I have a great grandfather Clyde story that illustrates this pretty well. Sometime in the 70’s, we needed a switch and an outlet or two replaced. We were unsure who to call and my mother suggested we might call Grant Crotoe. “He must be close to 90, but he did the wiring here in the ’30’s and maybe he can recommend someone.” So she called and he said that, indeed, he was long since retired but that “just a couple of outlets, he would just as soon come out,” which he did. When I asked if he wanted me to shut the breaker off, he said “Nah, I’m not worried about it, standing on this wood floor.” After he changed the fixtures I asked,”What do we owe you?”
“Nothin.’“
“What?”
“My dad died when I was nine and that winter your great grandfather Clyde was in Jones’ store and overheard Jones refusing my mother any more coal on credit. She came home empty, but a short time later Clyde backed up to our coal chute and unloaded his load into our cellar. I said right then if I could ever do anything for that man or his family I wouldn’t take any money, and I haven’t and I won’t.”

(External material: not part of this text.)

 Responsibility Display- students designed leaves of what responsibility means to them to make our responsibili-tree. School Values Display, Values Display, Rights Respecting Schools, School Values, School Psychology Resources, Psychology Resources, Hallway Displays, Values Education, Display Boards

I don’t think Clyde was all that exceptional in looking out for his neighbors. One March night when I was 15, my mother and I were awakened at three in the morning by the phone. It was my Aunt Helen Tupper, whose farm we see across the valley. “Marge, Ted! Come quick the barn’s on fire!” We threw on clothes and sped around to the Tupper’s. By the time we arrived, there were already 30 or more neighbors there. Aunt Helen had it wrong. The cow barn roof had collapsed under the weight of snow and the cows were trapped underneath. The structure of their stantions, a pipe arrangement known as comfort stalls, had knocked the cows down but supported the collapsed ceiling about 3 feet off the floor. By daylight there were 50 men digging snow and then ripping off roofing, and then tearing apart timbers and finally ceiling, and freeing the cows one by one. By midday the cows were wandering loose all around the yard. By dark, heifers and calves had been shifted around to make room for the cows and temporary milking and water apparatus had been set up and weary neighbors had gone home to milk their own cows. I stayed on the couch in my cousin Donny’s mobile home and didn’t go home until school started that fall. All any of those neighbors ever got was something they already had. The sure knowledge that if they ever needed help, their only problem might be finding enough shovels and crowbars.
Growing up, this valley was my home and these were my people. These are the people whose stories I want to tell, whose stories I hope won’t be forgotten. Many of them are gone now. Some people say your life ends when the last person who remembers you dies. No one alive remembers my great great grandfather Rodney and no one ever told me anything about him. He moved the house that was here and built the house I live in. He built the barns, except the sheep barn which was here. I have so many questions I wish he could answer. So I’m going to try to answer a few questions from my time here. Will anyone ever ask them? Who knows?